TASK INPUTS =>
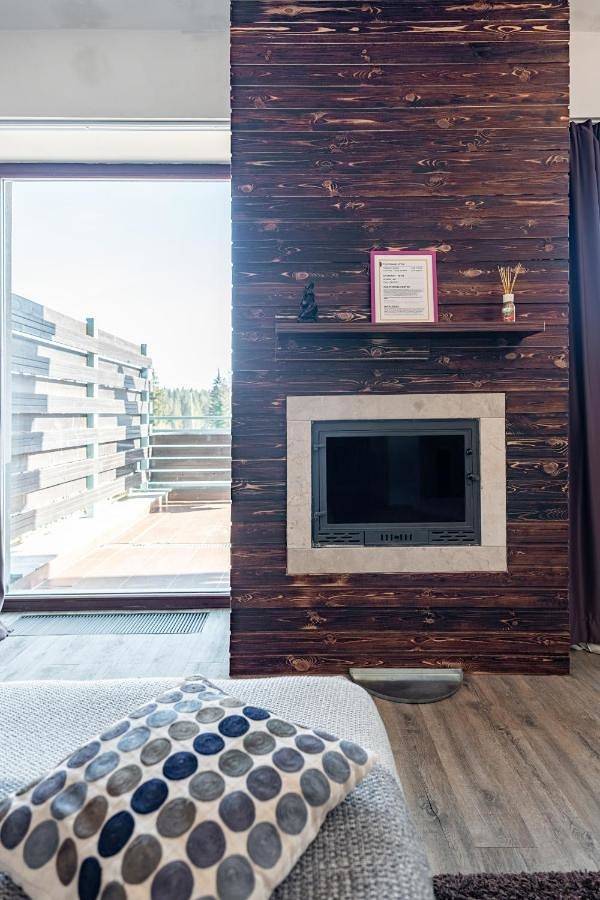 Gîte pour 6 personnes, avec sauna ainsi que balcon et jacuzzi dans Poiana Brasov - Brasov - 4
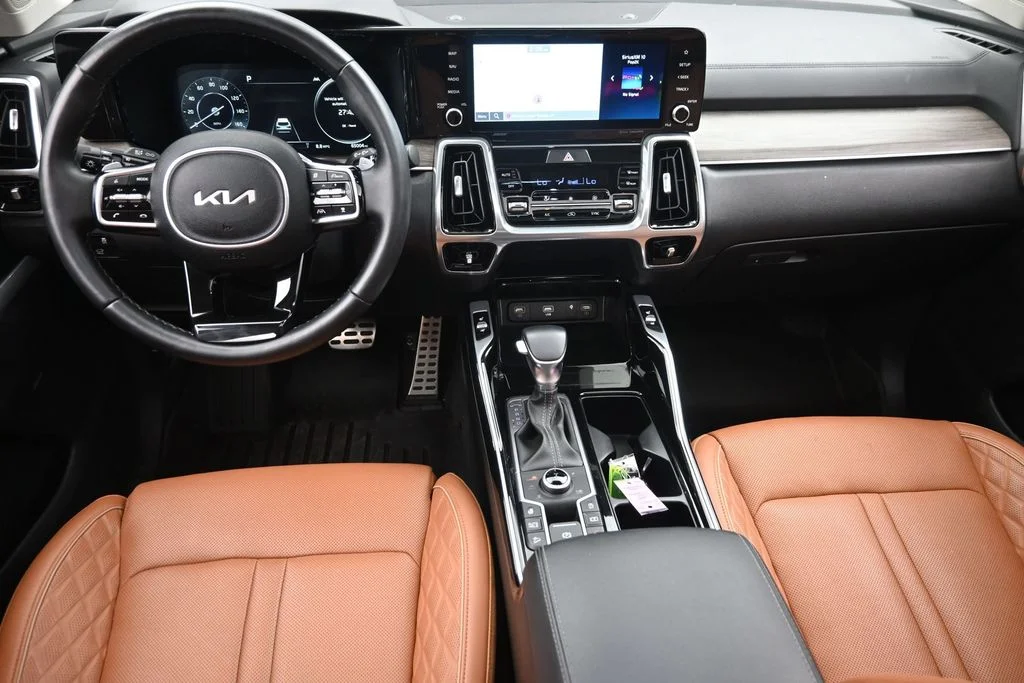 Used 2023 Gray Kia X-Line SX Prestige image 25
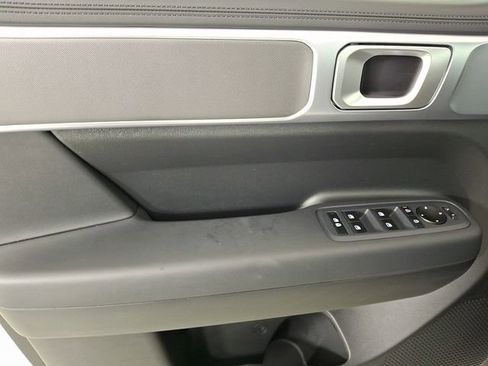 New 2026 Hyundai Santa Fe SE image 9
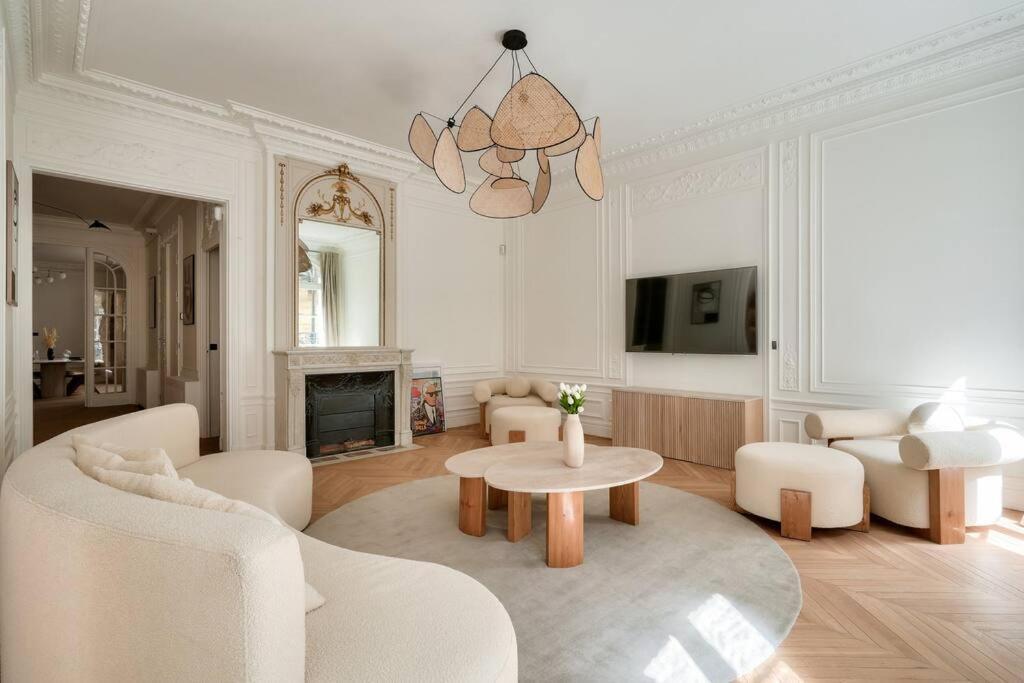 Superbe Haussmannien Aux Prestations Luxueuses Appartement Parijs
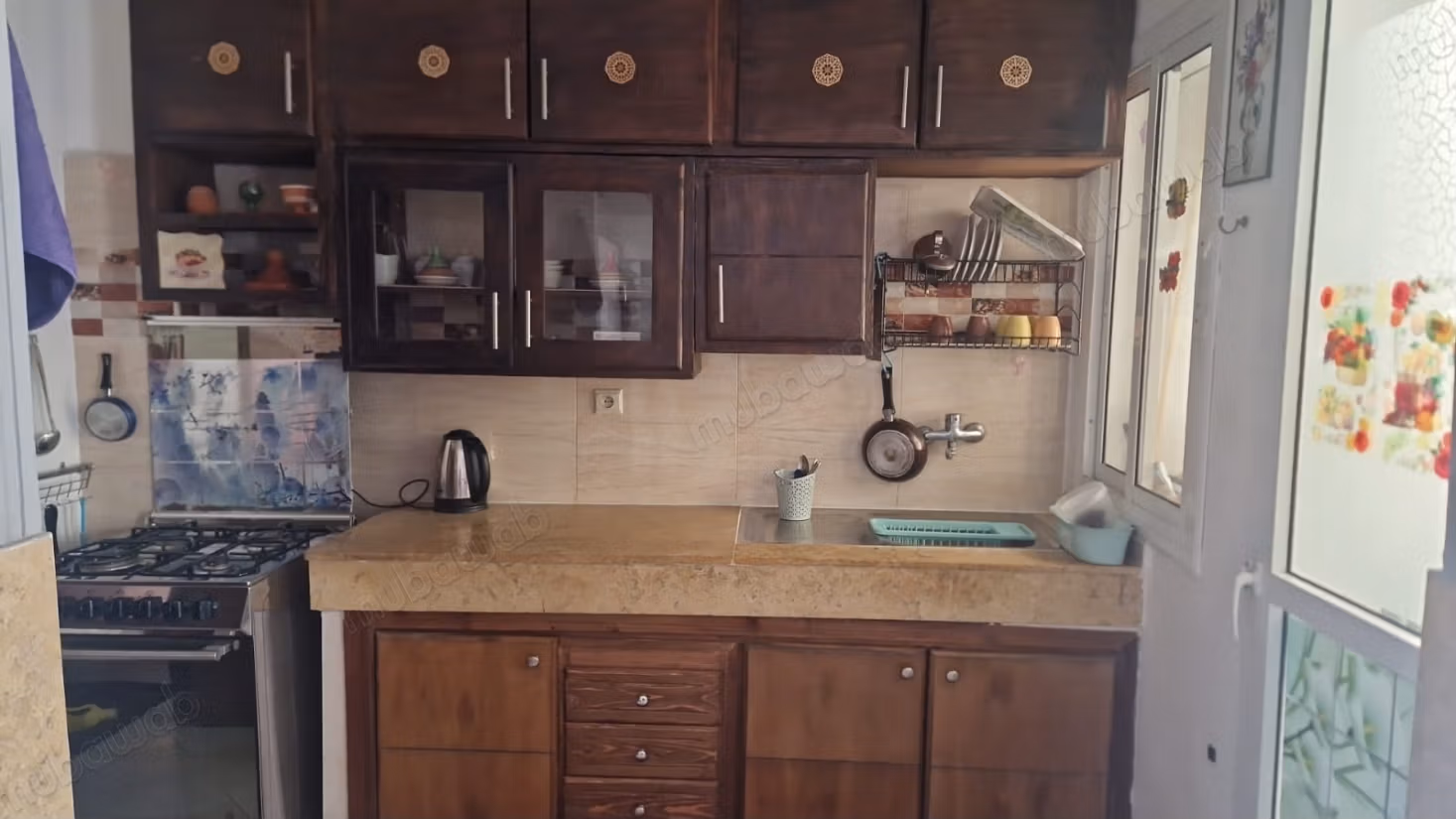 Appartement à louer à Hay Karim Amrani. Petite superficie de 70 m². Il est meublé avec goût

WORK INSTRUCTION => Pictures are to be left out. Everything else in the records above gets repeated exactly.

YOUR RESPONSE =>
 Gîte pour 6 personnes, avec sauna ainsi que balcon et jacuzzi dans Poiana Brasov - Brasov - 4
 Used 2023 Gray Kia X-Line SX Prestige image 25
 New 2026 Hyundai Santa Fe SE image 9
 Superbe Haussmannien Aux Prestations Luxueuses Appartement Parijs
 Appartement à louer à Hay Karim Amrani. Petite superficie de 70 m². Il est meublé avec goût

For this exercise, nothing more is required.